As we explained earlier, the key challenge of this problem is lack of training data: \(|G'_{\preceq _{k}}|\) is typically small compared with the number of attributes M. For example, \(M=83\) for countries and \(M=137\) for cities in our experiments. Ranked lists of ten or fewer entities can provide only at most 45 entity pairs as training data, which are not considered as sufficiently large for learning. Moreover, M must be as large as possible for modeling a wide range of orders. Thus, some approaches are necessary for preventing the over-fitting problem caused by lack of training data.

The key idea in our work is to use data other than \(G'_{\preceq _{k}}\) for learning \({\mathbf{w}}_{k}\) effectively. One of the unique characteristics or assumptions in our problem is that textual representations for labeling criteria and attributes are available. Therefore, given a labeling criterion, it is possible to estimate a roughly appropriate weight for each attribute by leveraging the contexts regarding relations between the labeling criterion and attribute. This idea is instantiated as CGL, which is explained in the next subsection.

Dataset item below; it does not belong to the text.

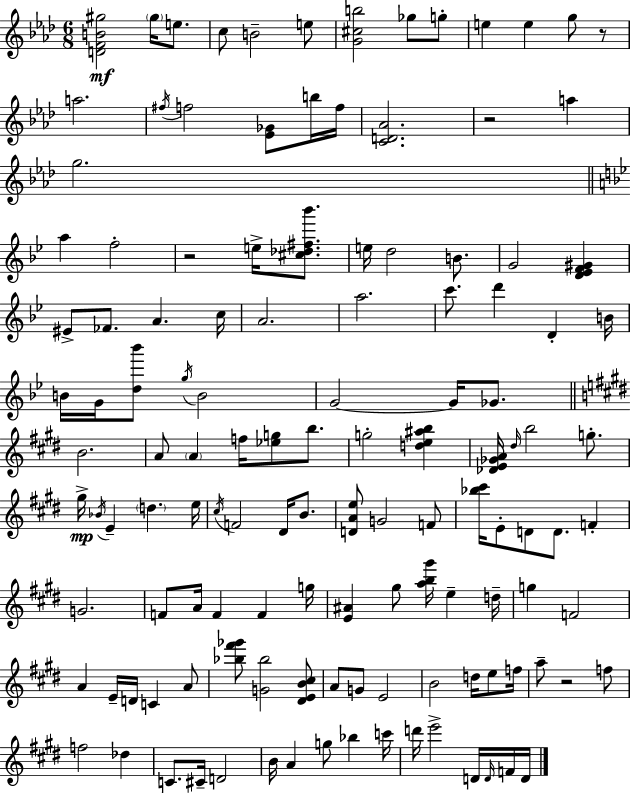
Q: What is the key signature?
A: AES major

3.2 Context-Guided Learning

We introduce CGL, our proposed learning method that leverages contexts of labeling criteria and features. We begin with CGL for classification problems and then extend it to be used for ranking problems.

The input for a classification problem is \({\mathcal D} = \{D_k\}^K_{k = 1}\), where \(D_k=\{({\mathbf{x}}_{k,i}, y_{k,i})\}^{N_k}_{i=1}\), \({\mathbf{x}}_{k,i} \in {\mathbb R}^M\), \(y_{k,i} \in \{-1, +1\}\), K is the number of labeling criteria, and \(N_k\) is the number of examples for the k-th labeling criteria. Labeling criterion \(l_k\) is a textual representation to determine values for \(y_{k,i}\). For example, if \({\mathbf{x}}_{k,i}\) represents a feature of a city and \(y_{k,i} = +1\) if the city is a metropolitan city, the labeling criterion \(l_k\) could be “metropolitan city”. Another example can be found in Fig. 1. The d-th value of a vector should correspond to a particular feature and have a name denoted by \(a_d\). Example names include “population” and “GDP”.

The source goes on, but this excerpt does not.